What you need to do: Excluding pictures, what does the listing below contain from the line with "2024年 新商品 24V" up to and including the line with "Kuber Industries Blouse", word for word?
---- Records shown
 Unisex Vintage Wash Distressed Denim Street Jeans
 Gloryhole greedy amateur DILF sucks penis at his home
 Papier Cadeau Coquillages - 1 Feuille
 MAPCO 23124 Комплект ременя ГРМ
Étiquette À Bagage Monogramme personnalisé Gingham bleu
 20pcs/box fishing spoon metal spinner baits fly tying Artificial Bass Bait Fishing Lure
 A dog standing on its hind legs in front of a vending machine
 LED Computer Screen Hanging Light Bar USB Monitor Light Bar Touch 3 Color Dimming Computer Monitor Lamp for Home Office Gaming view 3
--------
---- Records shown
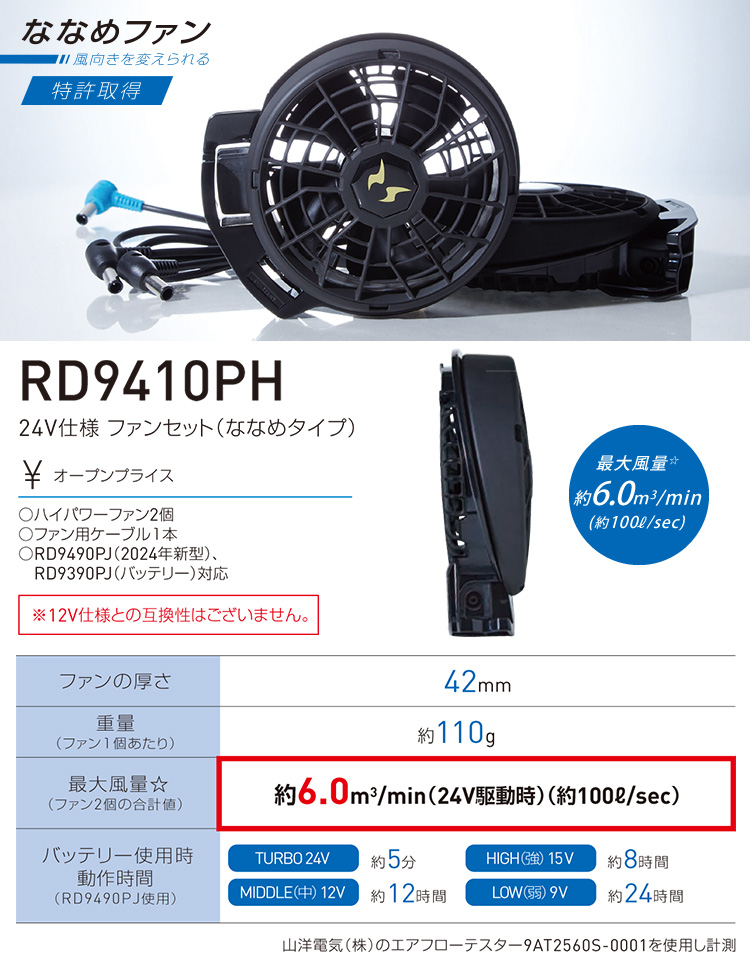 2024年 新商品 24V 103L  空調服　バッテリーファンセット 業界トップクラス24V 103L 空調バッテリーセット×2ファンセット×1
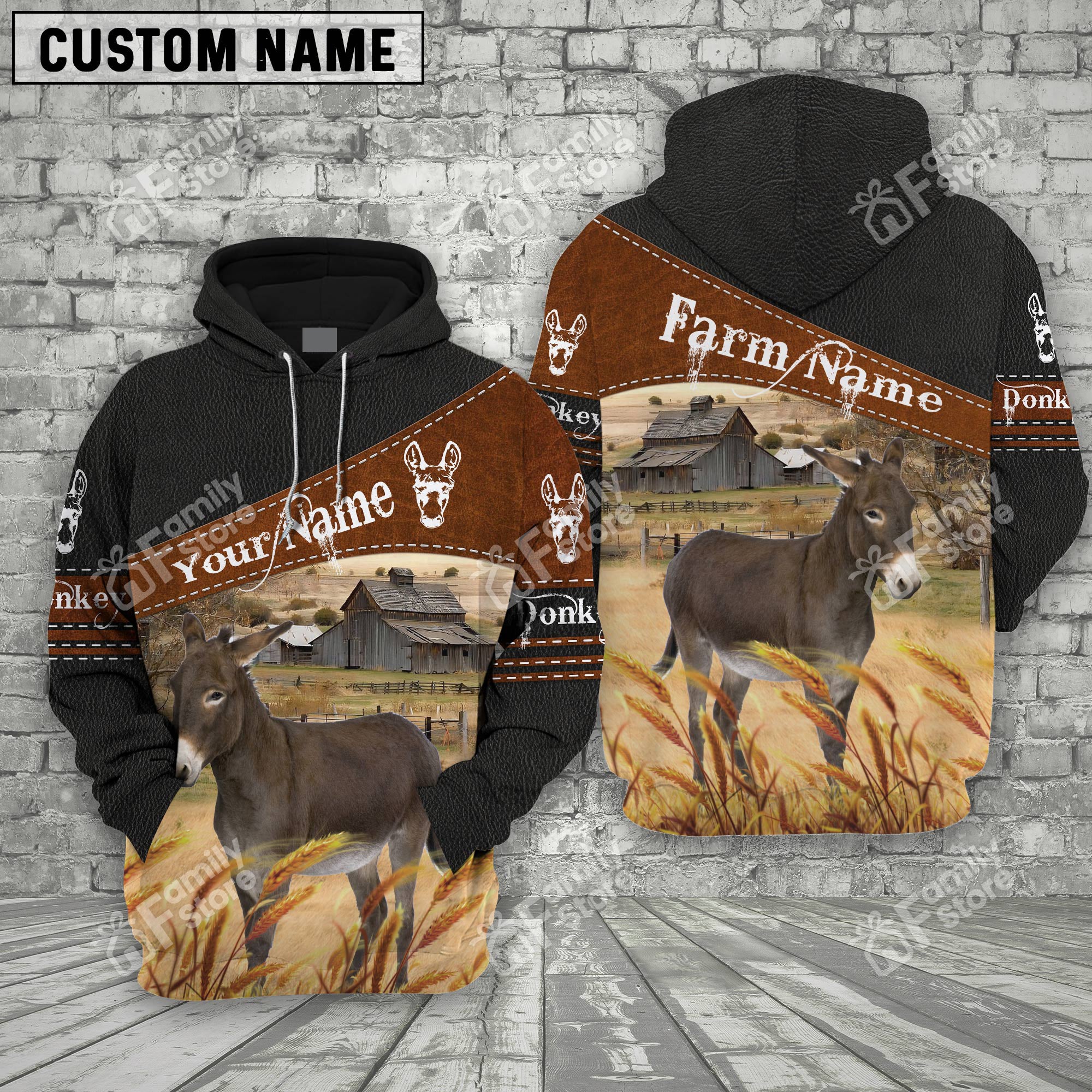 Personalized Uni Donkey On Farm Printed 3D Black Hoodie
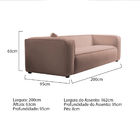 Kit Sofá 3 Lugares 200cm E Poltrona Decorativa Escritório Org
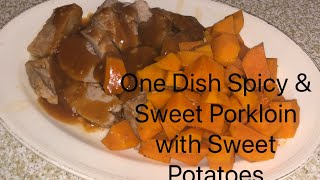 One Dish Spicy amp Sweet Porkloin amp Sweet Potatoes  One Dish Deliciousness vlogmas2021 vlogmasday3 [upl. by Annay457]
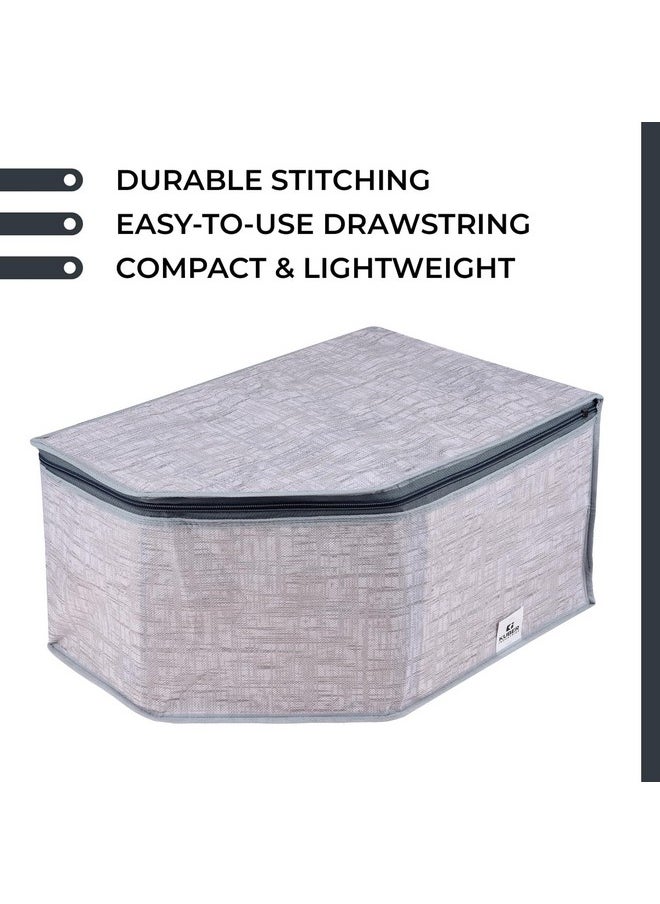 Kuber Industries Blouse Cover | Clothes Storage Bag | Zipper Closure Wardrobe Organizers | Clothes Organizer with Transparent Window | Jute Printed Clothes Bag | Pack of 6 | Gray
--------
Reply:
 2024年 新商品 24V 103L  空調服　バッテリーファンセット 業界トップクラス24V 103L 空調バッテリーセット×2ファンセット×1
 Personalized Uni Donkey On Farm Printed 3D Black Hoodie
 Kit Sofá 3 Lugares 200cm E Poltrona Decorativa Escritório Org
 One Dish Spicy amp Sweet Porkloin amp Sweet Potatoes  One Dish Deliciousness vlogmas2021 vlogmasday3 [upl. by Annay457]
 Kuber Industries Blouse Cover | Clothes Storage Bag | Zipper Closure Wardrobe Organizers | Clothes Organizer with Transparent Window | Jute Printed Clothes Bag | Pack of 6 | Gray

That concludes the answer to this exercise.